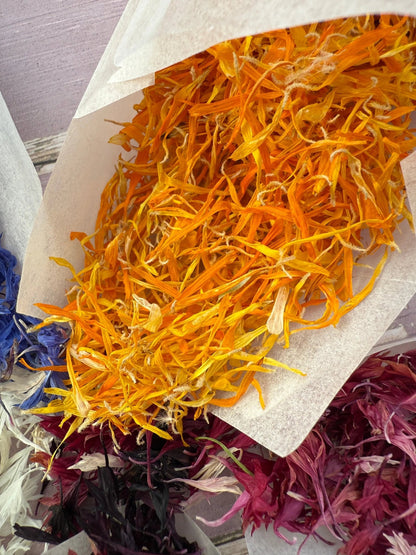 Bag of Flower Petals 4g - plants - express.com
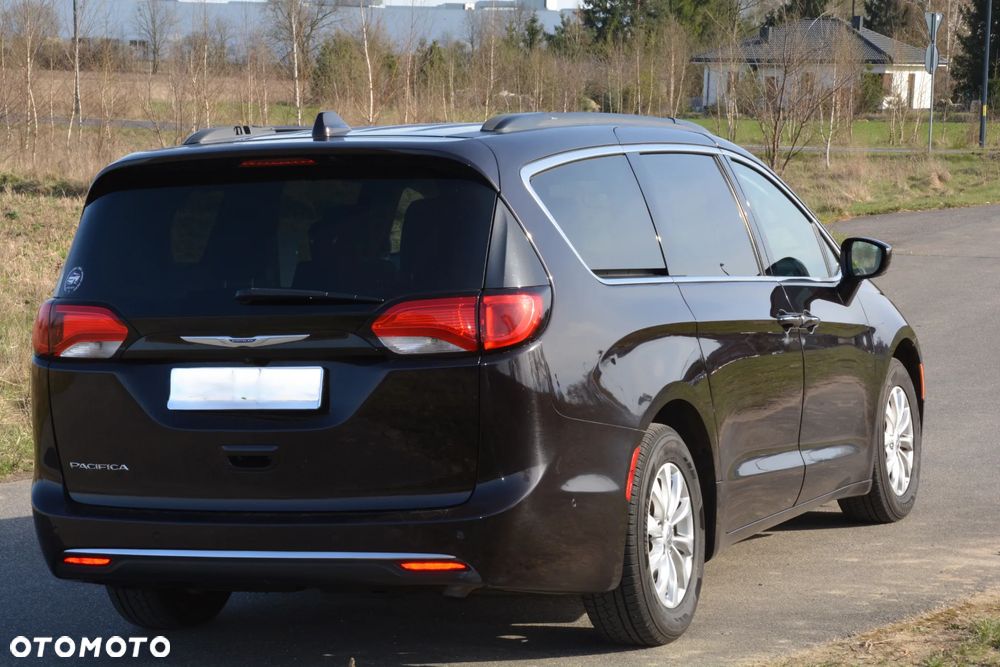 Chrysler Pacifica - 5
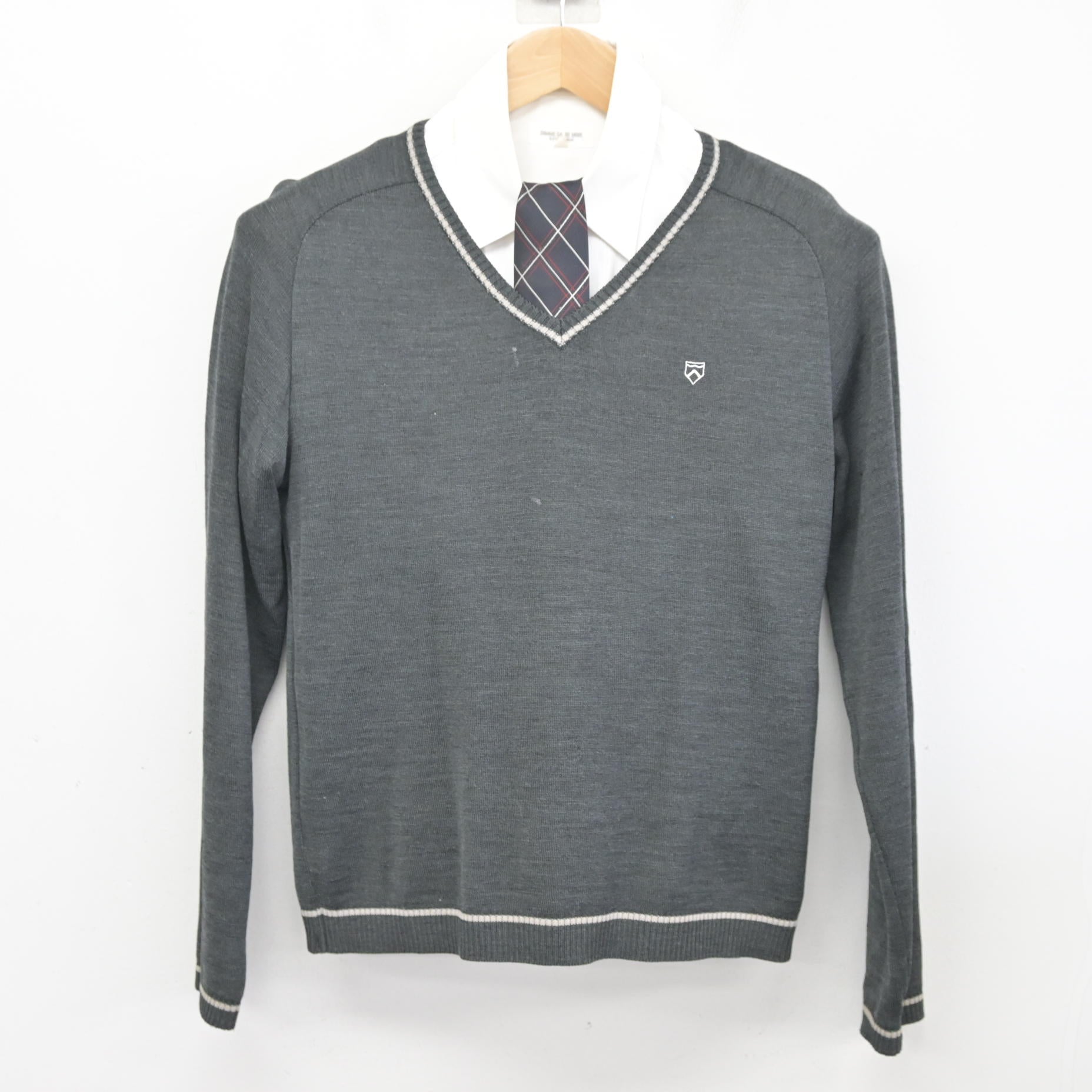 中古】愛知県 岡崎城西高等学校 女子制服 3点 (ニット・シャツ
== == ==
ABOUT THIS EXERCISE: Pictures aside, reproduce the listing above exactly.

ANSWER BELOW:
 Bag of Flower Petals 4g - plants - express.com
 Chrysler Pacifica - 5
 中古】愛知県 岡崎城西高等学校 女子制服 3点 (ニット・シャツ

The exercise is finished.